Power electric already is very efficient (at least ~ 90%) so even reducing losses by 10 times we gain maybe 9% (plus less weight), but the high savings comes from smaller a battery pack at the same range. And because Tesla has the largest battery pack, the savings will be the highest.
Pallavi Madakasira, Lux Research Analyst and the lead author of the report, stated:
“Efficient power electronics is key to a smaller battery size, which in turn has a positive cascading impact on wiring, thermal management, packaging, and weight of electric vehicles.”
“In addition to power electronic modules, opportunities from a growing number of consumer applications — such as infotainment and screens — will double the number of power electronic components built into a vehicle.”
Lux Research released a few predictions for commercial roll-outs of WBG-based power electronics, among which we see:
- Power saving threshold lower for EVs. At 2% power savings, if battery costs fall below $250/kWh, SiC diodes will be the only economic solution in EVs requiring a large battery, such as the Tesla Model S. However, for plug-in electric vehicles (PHEVs), the threshold power savings needs to be a higher 5%.
- SiC ahead in road to commercialization. SiC diodes lead GaN in technology readiness and will attain commercialization sooner, based on the current Technology Readiness Level (TRL).

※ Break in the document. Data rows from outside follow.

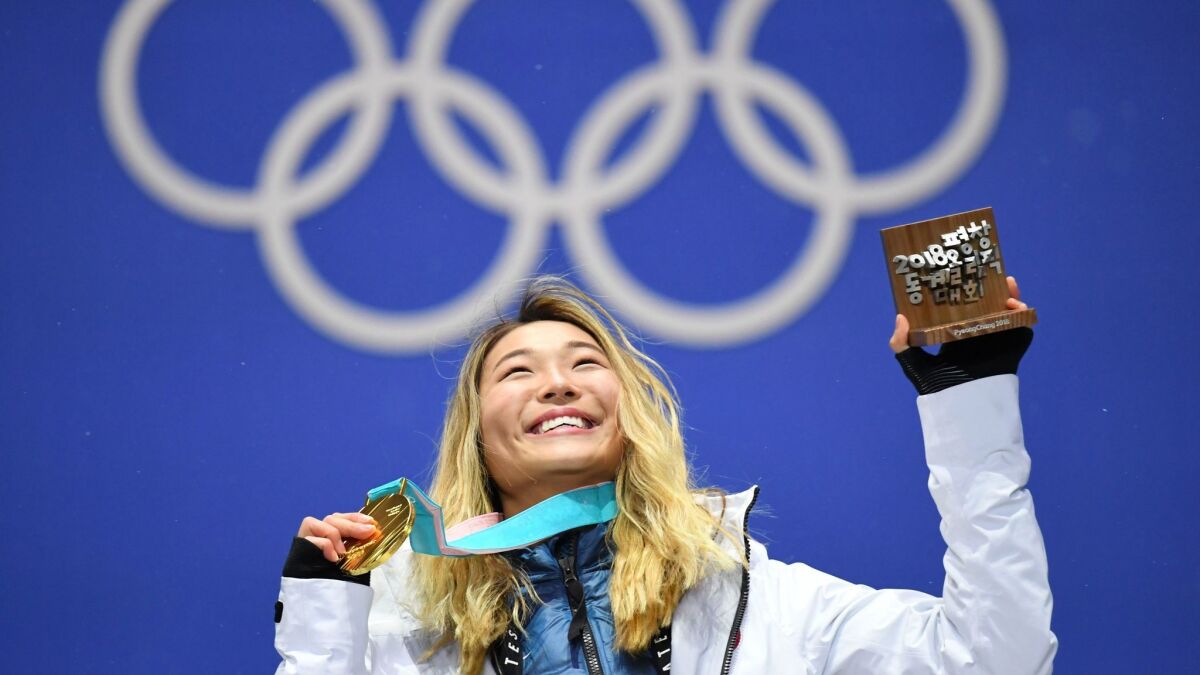 Women's halfpipe gold medalist Chloe Kim on the podium during the medal ceremony Tuesday in South Korea.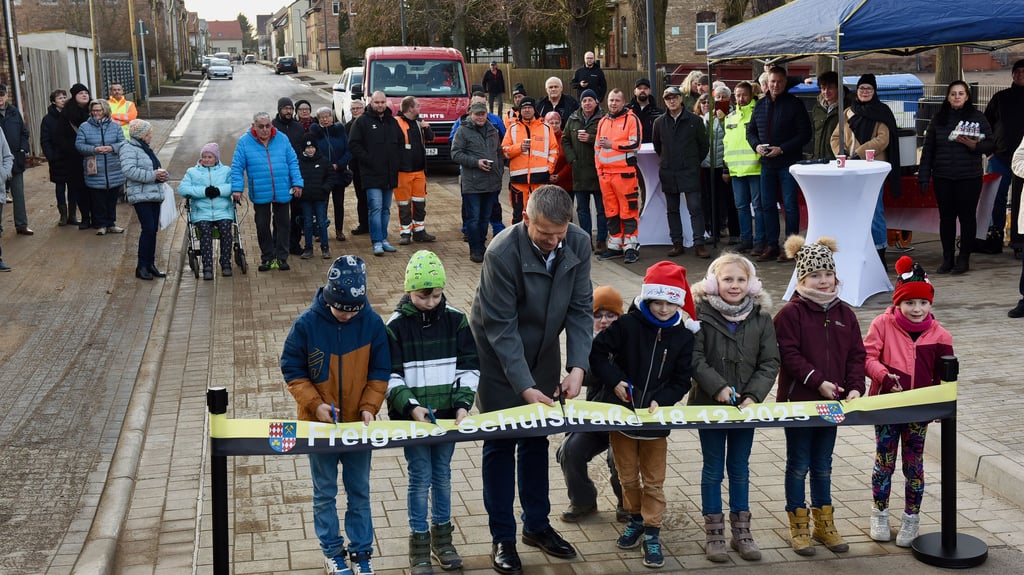 Mit dem Bürgermeister Frank Ochsner schneiden die Kinder das Band in der Klostermansfelder Schulstraße durch.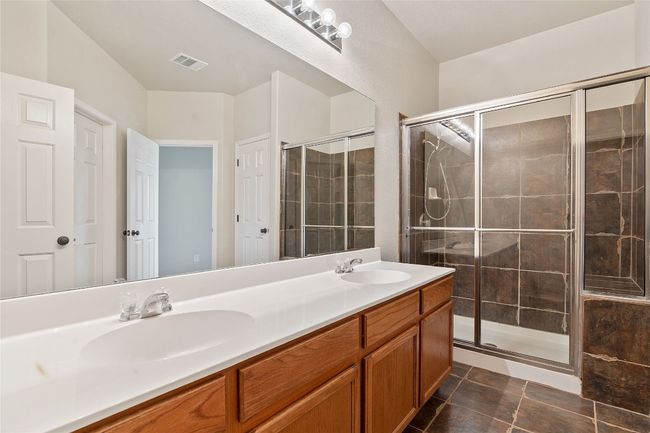 Bathroom with a stall shower, visible vents, and a sink | Image 9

Based on the TRL road map, SiC diodes will be adopted in vehicles by 2020.
- Government funding is driving WBG adoption. The U.S., Japan and the United Kingdom, among others, are funding research and development in power electronics. The U.S. Department of Energy’s Advanced Power Electronics and Electric Motors is spending $69 million this year and defining performance and cost targets; the Japanese government funds a joint industry and university R&D program that includes Toyota, Honda and Nissan.
Thanks to Green Car Congress we came on the trail of a demo 6 kW silicon carbide (SiC) on-board charger for a plug-in Toyota Prius, which now is a pocket charger!
“APEI, Toyota, Cree, Oak Ridge National Labs, the University of Arkansas, and ARPA-e are working to change the face of Plug-In Electric Vehicles. This team has create a silicon carbide based battery charger, which features power capability of over 6 kWs, 95%+ efficiency, and ultra-high power density of 5 kW/L and 3.8 kW/kg. The new Level 2 isolated on-board vehicular battery charger utilizes silicon carbide power devices for application in electric vehicles and plug-in hybrid electric vehicles. The heart of the charger is APEI’s 1 MHz+ high-frequency capable multi-chip power module allowing for 200 °C+ high junction temperature operation which, when coupled with high switching frequency, allows for an order of magnitude increase in power density — with a simultaneous increase in system efficiency over currently used technologies. This new technology will translate to faster charging times and decreased dependence on fossil-based fuels for the end user.”